Health care systems around the world are struggling to meet the increasing demand for hospital resources. Ageing populations and the increasing prevalence of chronic diseases and comorbidities exacerbate this rising demand [1]. Rich and poor nations alike find difficulty coping with this crisis caused by rising demand and pressure on finite resources [2]. Transitional care programmes have been proposed as one solution for ameliorating this situation [3]. These are interventional programmes, usually multidisciplinary in nature, aimed at improving health care provider outcomes through improvements in care coordination and continuity for patients in transition between health care settings. The theoretical concept behind transitional care intervention is that readmissions are largely preventable if issues can be addressed that predispose patients to decompensate and return to seek treatment at the hospital. While the concept seems valid on its face and multiple anecdotal descriptive studies are available, there have been few well-designed studies supporting the effectiveness of such programmes, especially for very sick patients with higher risk of death and readmission [4]. The difficulties are mainly due to the multifaceted nature of these complex interventions and the difficulty of performing randomised controlled studies on transitional care programmes. Transitional care programmes have been targeted at patients with specific diagnoses [5, 6] or focused on geriatric adults [710] or general medical patients at average risk of readmission [11, 12]. Others have excluded patients who were too complex or too ill [3, 13]. Moreover, there is reason to believe that transitional care interventions developed in the USA and Canada will require further evaluation before implementation in Asian countries due to major differences in health systems structure and funding. With a rapidly ageing population and rising health care utilisation, there is great interest in Singapore to develop effective transitional care programmes and keep long-term health care costs affordable.
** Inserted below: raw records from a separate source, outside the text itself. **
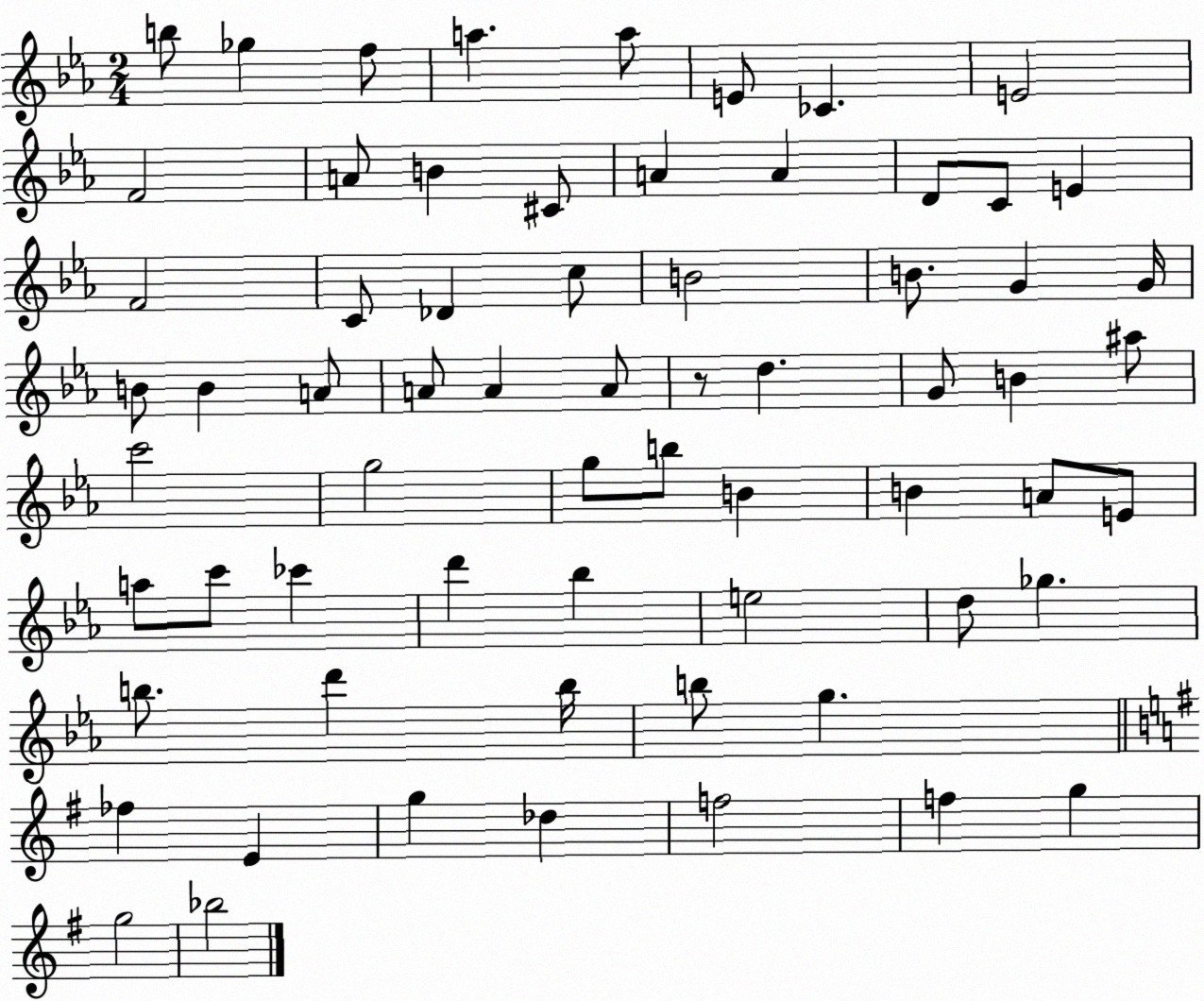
X:1
T:Untitled
M:2/4
L:1/4
K:Eb
b/2 _g f/2 a a/2 E/2 _C E2 F2 A/2 B ^C/2 A A D/2 C/2 E F2 C/2 _D c/2 B2 B/2 G G/4 B/2 B A/2 A/2 A A/2 z/2 d G/2 B ^a/2 c'2 g2 g/2 b/2 B B A/2 E/2 a/2 c'/2 _c' d' _b e2 d/2 _g b/2 d' b/4 b/2 g _f E g _d f2 f g g2 _b2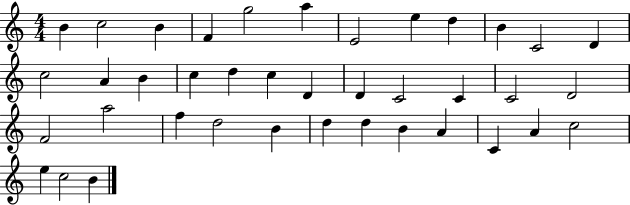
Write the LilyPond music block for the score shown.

{
  \clef treble
  \numericTimeSignature
  \time 4/4
  \key c \major
  b'4 c''2 b'4 | f'4 g''2 a''4 | e'2 e''4 d''4 | b'4 c'2 d'4 | \break c''2 a'4 b'4 | c''4 d''4 c''4 d'4 | d'4 c'2 c'4 | c'2 d'2 | \break f'2 a''2 | f''4 d''2 b'4 | d''4 d''4 b'4 a'4 | c'4 a'4 c''2 | \break e''4 c''2 b'4 | \bar "|."
}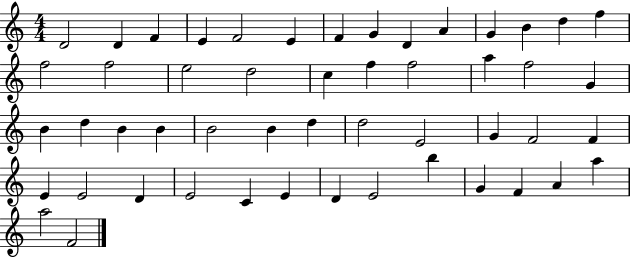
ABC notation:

X:1
T:Untitled
M:4/4
L:1/4
K:C
D2 D F E F2 E F G D A G B d f f2 f2 e2 d2 c f f2 a f2 G B d B B B2 B d d2 E2 G F2 F E E2 D E2 C E D E2 b G F A a a2 F2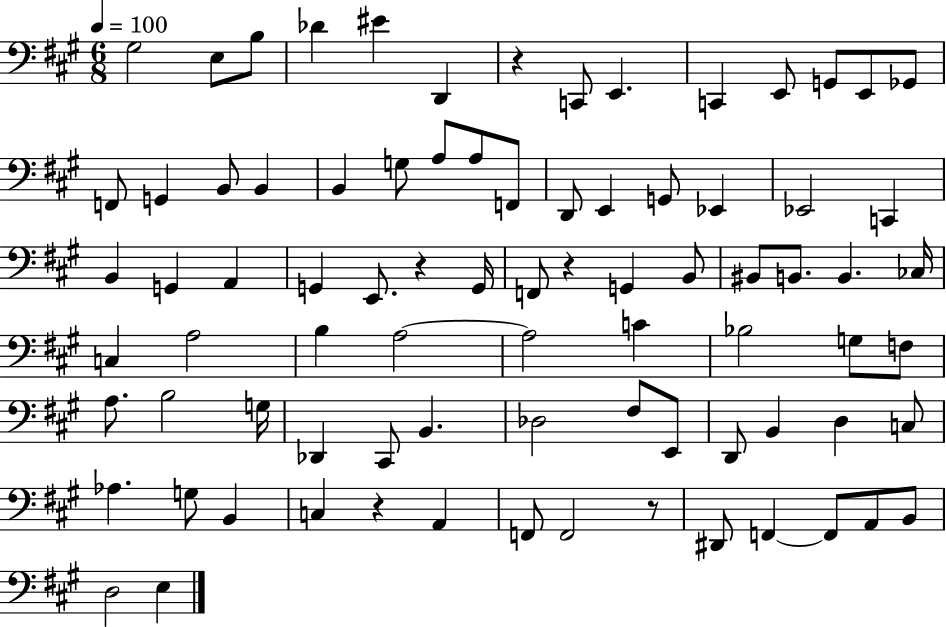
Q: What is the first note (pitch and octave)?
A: G#3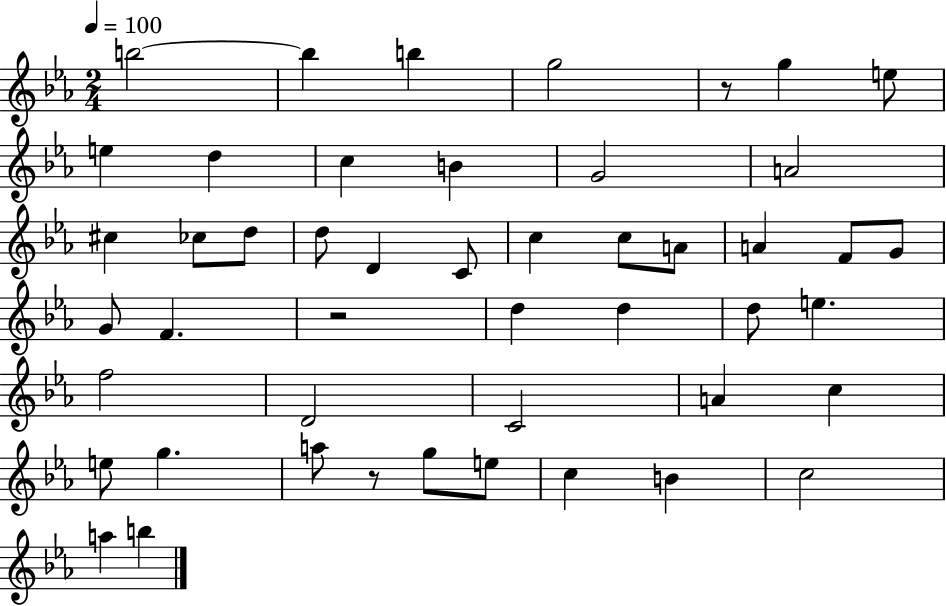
X:1
T:Untitled
M:2/4
L:1/4
K:Eb
b2 b b g2 z/2 g e/2 e d c B G2 A2 ^c _c/2 d/2 d/2 D C/2 c c/2 A/2 A F/2 G/2 G/2 F z2 d d d/2 e f2 D2 C2 A c e/2 g a/2 z/2 g/2 e/2 c B c2 a b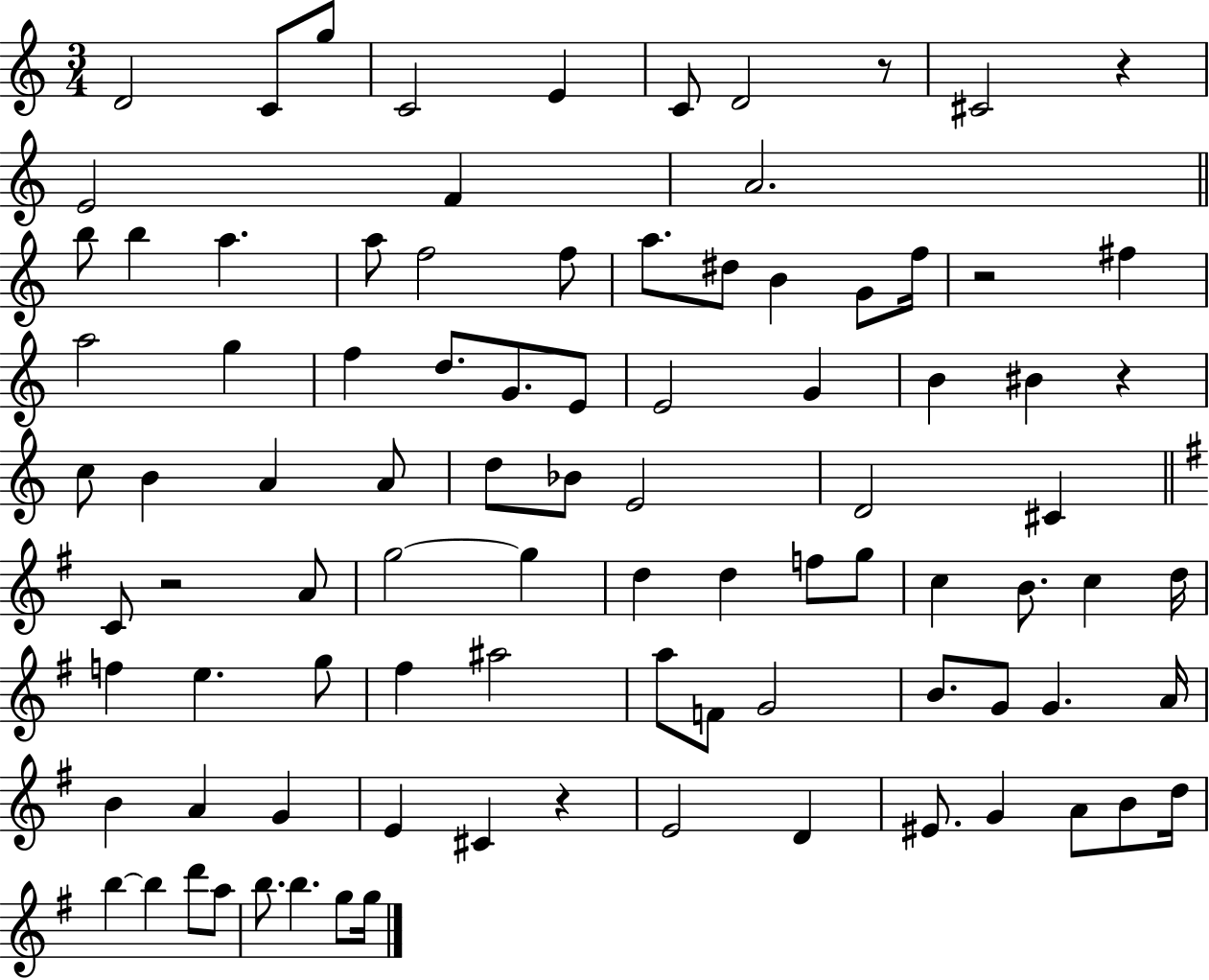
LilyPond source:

{
  \clef treble
  \numericTimeSignature
  \time 3/4
  \key c \major
  d'2 c'8 g''8 | c'2 e'4 | c'8 d'2 r8 | cis'2 r4 | \break e'2 f'4 | a'2. | \bar "||" \break \key c \major b''8 b''4 a''4. | a''8 f''2 f''8 | a''8. dis''8 b'4 g'8 f''16 | r2 fis''4 | \break a''2 g''4 | f''4 d''8. g'8. e'8 | e'2 g'4 | b'4 bis'4 r4 | \break c''8 b'4 a'4 a'8 | d''8 bes'8 e'2 | d'2 cis'4 | \bar "||" \break \key g \major c'8 r2 a'8 | g''2~~ g''4 | d''4 d''4 f''8 g''8 | c''4 b'8. c''4 d''16 | \break f''4 e''4. g''8 | fis''4 ais''2 | a''8 f'8 g'2 | b'8. g'8 g'4. a'16 | \break b'4 a'4 g'4 | e'4 cis'4 r4 | e'2 d'4 | eis'8. g'4 a'8 b'8 d''16 | \break b''4~~ b''4 d'''8 a''8 | b''8. b''4. g''8 g''16 | \bar "|."
}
In 2010, the all-cause 30-day readmission rate in Singapore was 11.6% and 19% in patients aged 65 years and above [14]. In 2011, the Singapore General Hospital implemented a transitional care programme targeting patients at highest risk of readmission and then evaluated its effectiveness in a randomised controlled study. In the programme, a multidisciplinary team provides post-discharge care through patient monitoring via telephone follow-up, medication reconciliation, early review clinics and home visits. The primary aim was to find out if such a transitional care programme could reduce the rate of unscheduled readmissions. The secondary aim was to determine if the proposed transitional care programme improved emergency department attendance rates and patient satisfaction. Our primary hypothesis was that the proportion of patients with unscheduled readmissions at 30 days after the index discharge would be 10% lower in the intervention group compared to the care-as-usual control group.

Methods

Study design

We conducted an open, randomised controlled study from August 2011 to September 2012 at the Singapore General Hospital on patients receiving the transitional care programme versus patients receiving the usual care. Consented patients were randomised in blocks of six and allocated in a 1:1 ratio to either the transitional care intervention or the control group.

Setting

Singapore is a city state with a resident population of 3.44 million. The vast majority of the resident population receives their health care within the city. The public sector is the main provider of hospital-based care, with 85% of all hospital beds in public sector hospitals. Singapore General Hospital accounts for about one-quarter of the total acute hospital beds in the public sector. Singapore General Hospital is a not-for-profit tertiary hospital with 36 specialist departments, including family medicine. Singapore General Hospital is wholly owned by the Government of Singapore, and with 1597 beds is the largest hospital in the public health care system. With a workforce numbering above 10,000, Singapore General Hospital admits over 1 million patients every year [15].

Study participants

The study transitional care programme was provided to patients identified through risk stratification as having high risk of readmission. Patients were eligible if they were older than 21 years, had 2 or more unscheduled admissions to selected medical departments in the 90 days prior to study recruitment, and had a Length of stay, Acuity of admission, Comorbidity of patient, Emergency department utilisation score of ≥10. The Length of stay, Acuity of admission, Comorbidity of patient, Emergency department utilisation score is a validated clinical risk-scoring system in Canada [16]. Patients in Singapore with a Length of stay, Acuity of admission, Comorbidity of patient, Emergency department utilisation score ≥10 had a fivefold higher risk of readmission [17]. The Length of stay, Acuity of admission, Comorbidity of patient, Emergency department utilisation score was calculated based on the last admission before recruitment.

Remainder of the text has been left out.